As much as I hate the whole dot-com market overreaction and all, what were some of these people thinking?
zoza.com? What do you think of when you heard 'zoza.com'. That's right, absofuckinglutely nothing.
bigwords.com. what's their motto, 'tired of only being able to buy a vowel?' your guide to antidisestablishmentarianism? helping you recover from Pneumonoultramicroscopicsilicovolcanicconiosis?
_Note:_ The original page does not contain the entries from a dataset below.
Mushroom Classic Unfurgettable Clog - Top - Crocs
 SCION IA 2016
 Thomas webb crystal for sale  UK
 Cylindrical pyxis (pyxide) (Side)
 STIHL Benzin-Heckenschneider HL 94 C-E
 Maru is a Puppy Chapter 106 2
Who cares now, they've been
Floccipoccinihilipilificated.
carorder.com, because not only do you want to buy your car online, you want to buy it from someplace you've never heard of before.
elingo.com, for all your jargon needs!
icecreamvan.com. no, i'm not kidding.
popawheelie.com, because popping wheelies in real life is dangerous, and in potential violation of traffic laws.
while nobody here likes high unemployment in the tech sector, the fact of the matter is, it's not exactly shocking that most of these places died, nor is it particularly sad to see most of them go.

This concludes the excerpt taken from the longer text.